▶ **Given data**:
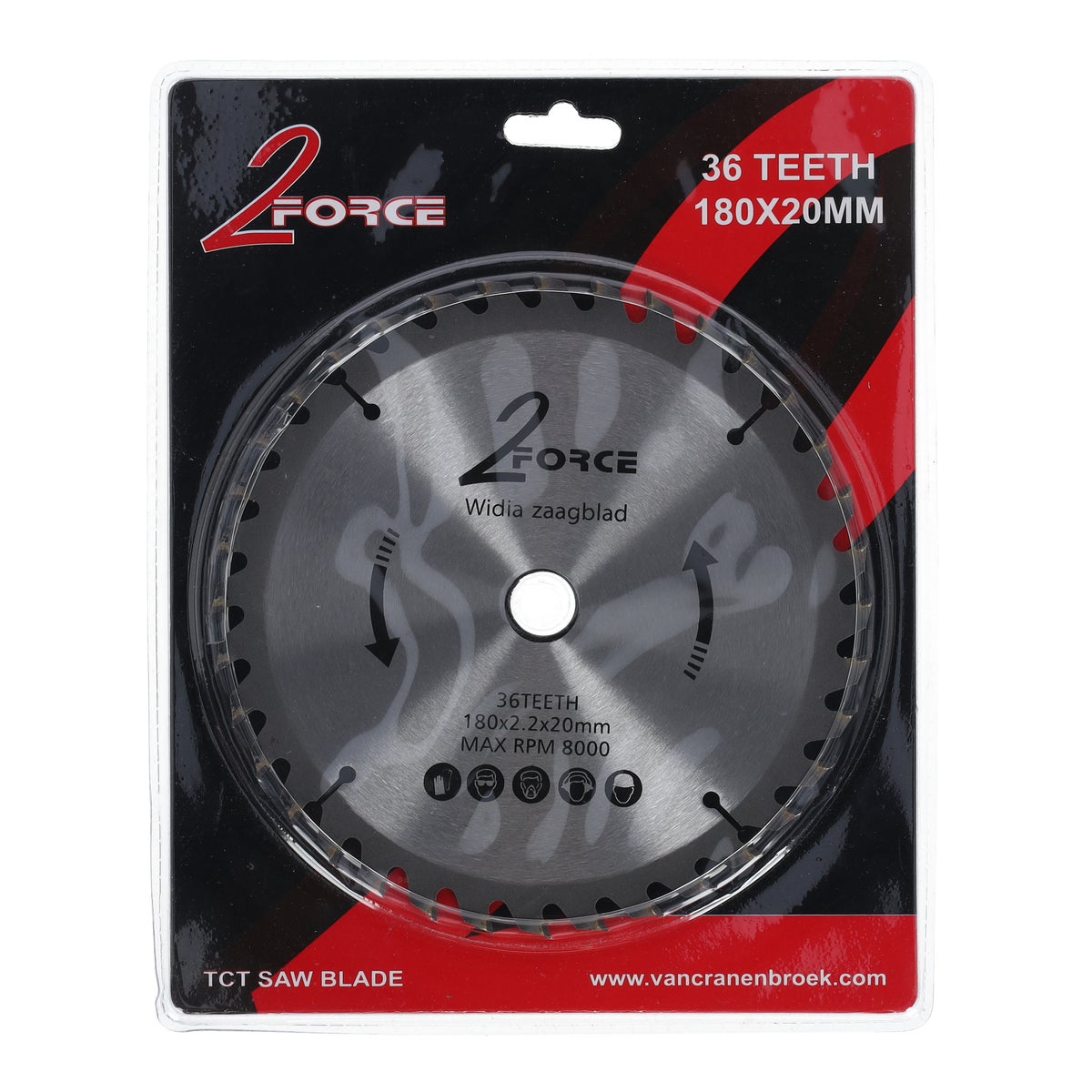 Zaagblad 180 mm 20as 36T 2-force Zaagblad 180 mm 20as 36T 2-force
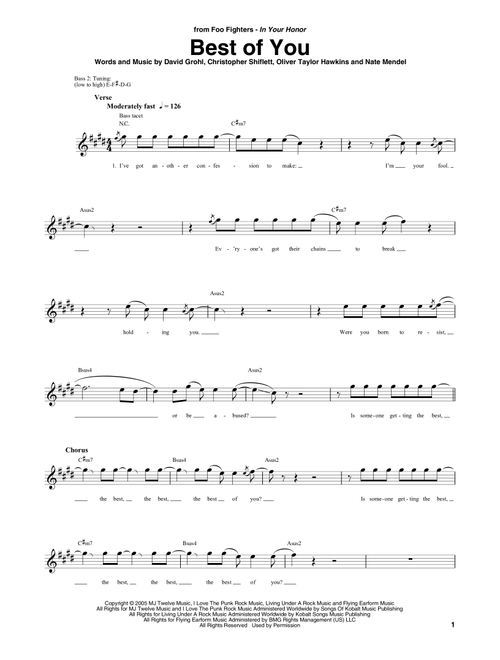 Best Of You - Foo Fighters (Bass Tab)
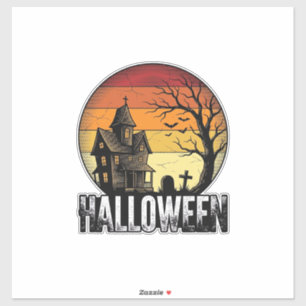 Sticker Illustration vectorielle de maison hantée Hallowee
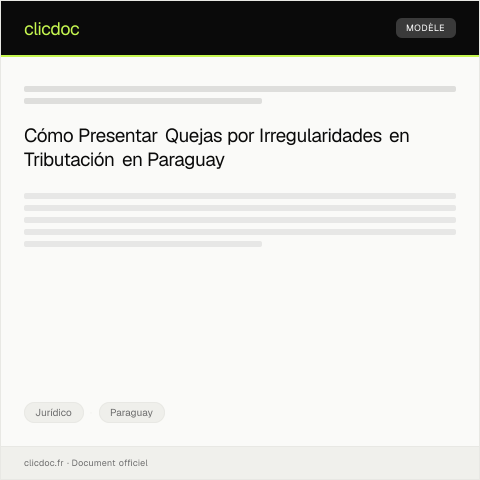 Vista previa del documento Presentar queja formal por irregularidades tributarias — Jurídico, Paraguay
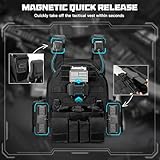 Jueachy Magnetic Tactical Vest for Men: Plate Carrier Vest Quick Release One-Button Disassembly Lightweight Vest MOLLE System Adjustable Breathable Weighted Vest for Training Black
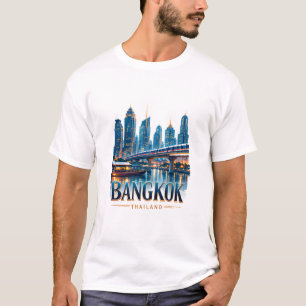 Camiseta Horizonte de Banguecoque Tailândia Lembrança de Vi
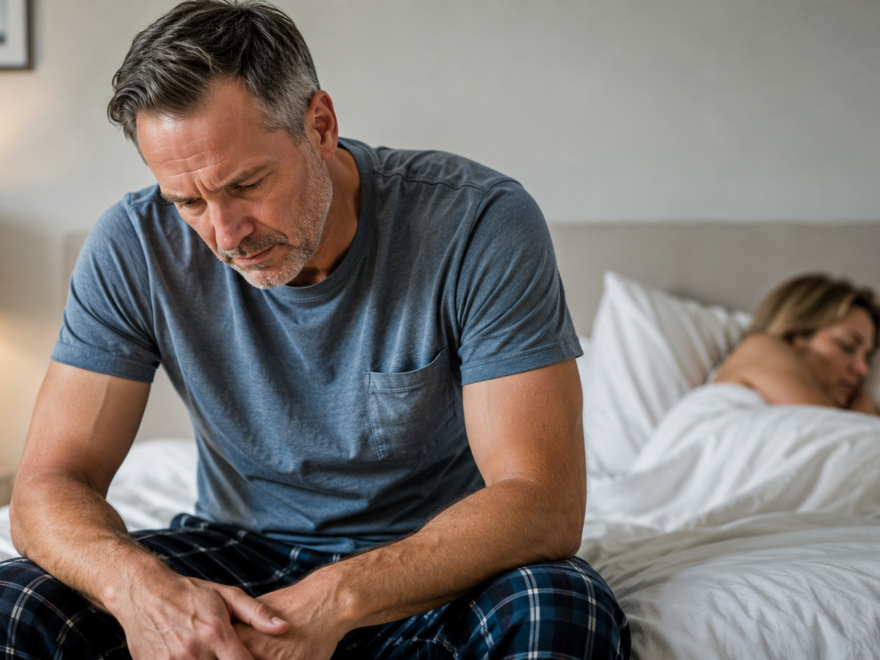 A worried man over 40 sitting on the edge of a bed while his partner sleeps in the background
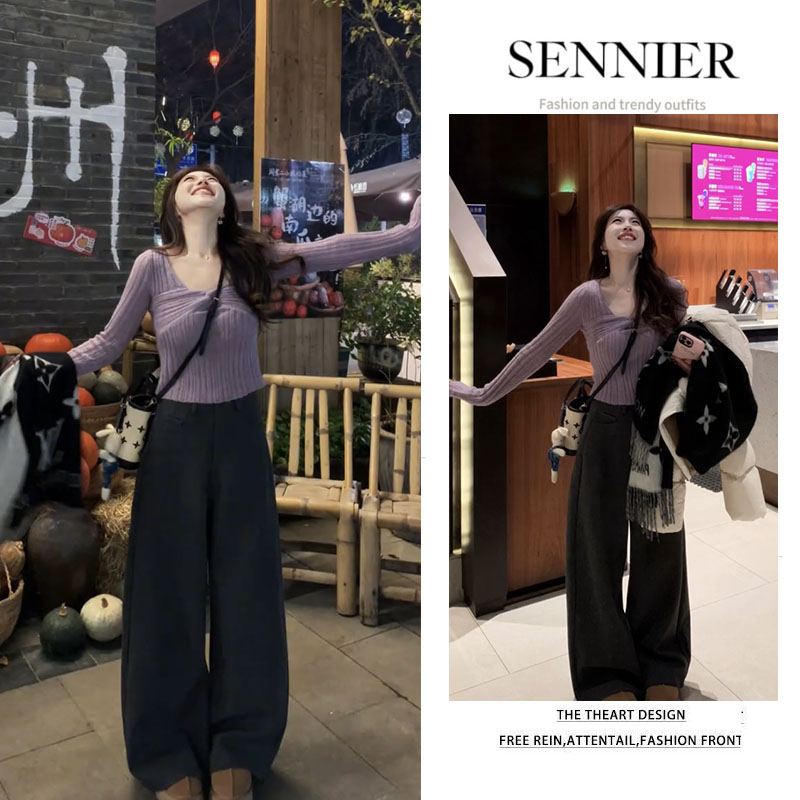 早春温柔系穿搭女2026新款韩版洋气修身针织上衣百搭阔腿裤两件套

▶ **Problem description**:
Keep every word of the records exact as you write them out, but drop the pictures.

▶ **Solution**:
 Zaagblad 180 mm 20as 36T 2-force Zaagblad 180 mm 20as 36T 2-force
 Best Of You - Foo Fighters (Bass Tab)
 Sticker Illustration vectorielle de maison hantée Hallowee
 Vista previa del documento Presentar queja formal por irregularidades tributarias — Jurídico, Paraguay
 Jueachy Magnetic Tactical Vest for Men: Plate Carrier Vest Quick Release One-Button Disassembly Lightweight Vest MOLLE System Adjustable Breathable Weighted Vest for Training Black
 Camiseta Horizonte de Banguecoque Tailândia Lembrança de Vi
 A worried man over 40 sitting on the edge of a bed while his partner sleeps in the background
 早春温柔系穿搭女2026新款韩版洋气修身针织上衣百搭阔腿裤两件套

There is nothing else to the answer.